§ **Exercise data**
= = = = = = =
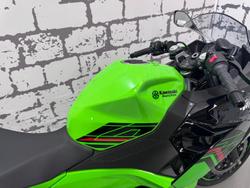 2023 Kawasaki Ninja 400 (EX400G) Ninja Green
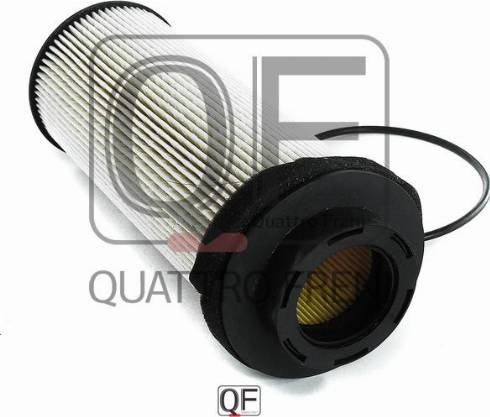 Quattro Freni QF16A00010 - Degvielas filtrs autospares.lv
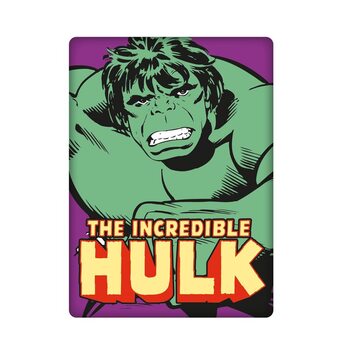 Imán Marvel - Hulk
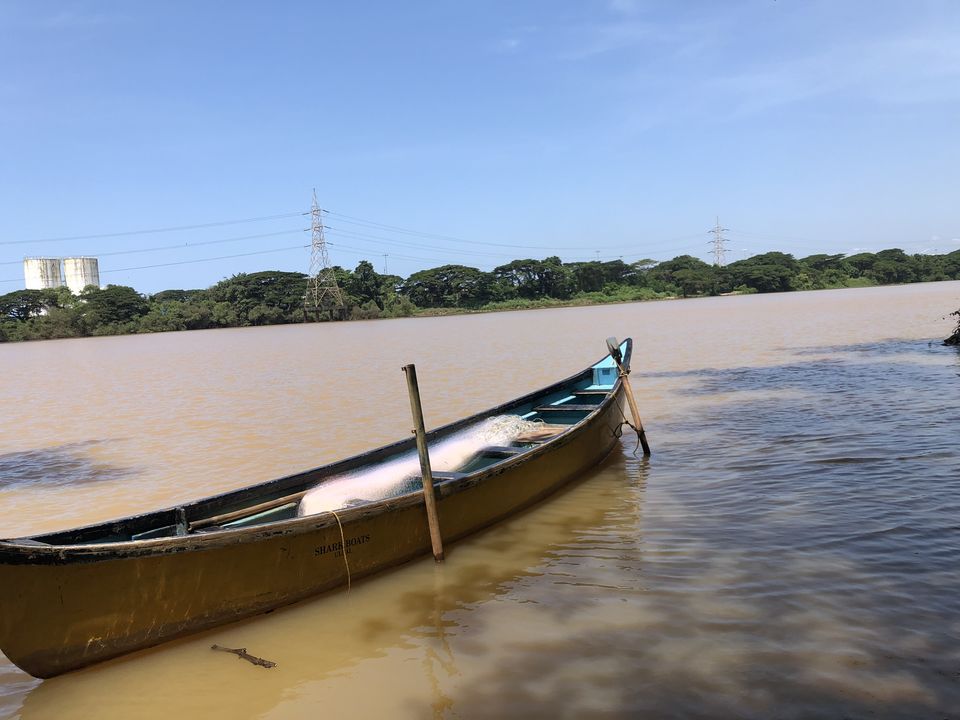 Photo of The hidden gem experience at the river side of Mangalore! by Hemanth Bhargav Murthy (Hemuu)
= = = = = = =
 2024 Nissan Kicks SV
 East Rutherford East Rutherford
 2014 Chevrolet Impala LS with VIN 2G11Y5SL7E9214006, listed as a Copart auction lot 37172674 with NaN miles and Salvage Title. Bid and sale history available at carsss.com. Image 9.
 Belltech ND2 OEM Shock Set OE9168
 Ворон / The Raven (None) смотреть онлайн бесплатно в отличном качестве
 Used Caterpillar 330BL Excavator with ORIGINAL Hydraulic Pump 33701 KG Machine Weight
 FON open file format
= = = = = = =
§ **Required action**
Within the listing above, copy exactly the lines that start at the one with "2023 Kawasaki Ninja 400 (EX400G) Ninja Green" and continue through the one with "Photo of The". Omit pictures.

§ **Answer section**
 2023 Kawasaki Ninja 400 (EX400G) Ninja Green
 Quattro Freni QF16A00010 - Degvielas filtrs autospares.lv
 Imán Marvel - Hulk
 Photo of The hidden gem experience at the river side of Mangalore! by Hemanth Bhargav Murthy (Hemuu)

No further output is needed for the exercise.